*Work task*
Please repeat only the lines below starting at the line that holds "Jean Paul Belmondo" and ending at the line that holds "Oytal, behind mountains", exactly, with both of those lines included and every picture omitted.

*The data*
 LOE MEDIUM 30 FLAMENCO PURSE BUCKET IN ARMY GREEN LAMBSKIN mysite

...

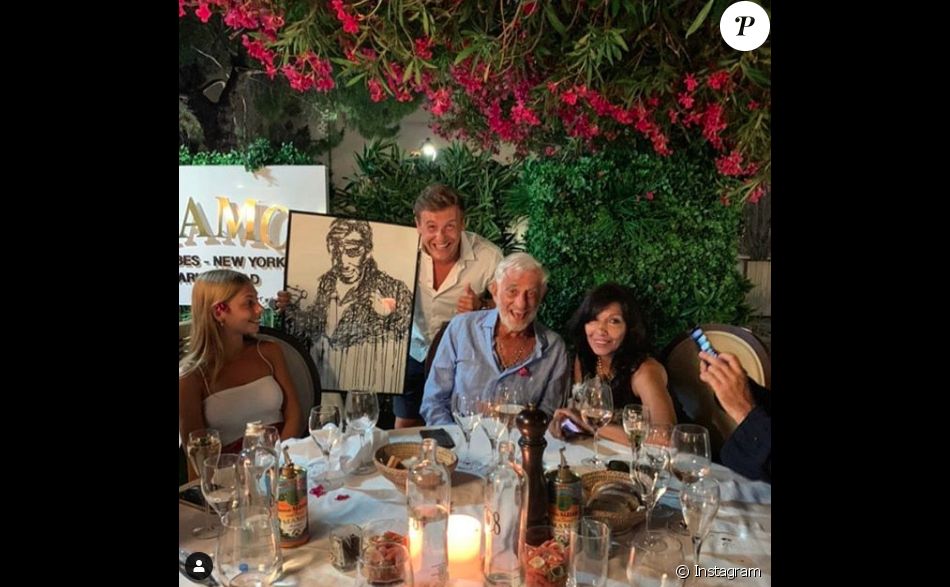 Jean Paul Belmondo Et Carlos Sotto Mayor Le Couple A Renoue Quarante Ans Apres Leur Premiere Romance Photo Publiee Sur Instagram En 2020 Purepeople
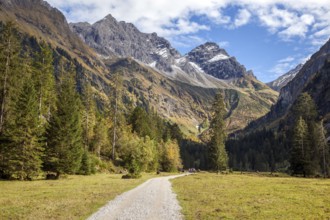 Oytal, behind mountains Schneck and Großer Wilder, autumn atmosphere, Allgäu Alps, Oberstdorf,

==

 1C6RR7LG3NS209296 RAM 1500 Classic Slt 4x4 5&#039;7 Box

*Task solution*
 Jean Paul Belmondo Et Carlos Sotto Mayor Le Couple A Renoue Quarante Ans Apres Leur Premiere Romance Photo Publiee Sur Instagram En 2020 Purepeople
 Oytal, behind mountains Schneck and Großer Wilder, autumn atmosphere, Allgäu Alps, Oberstdorf,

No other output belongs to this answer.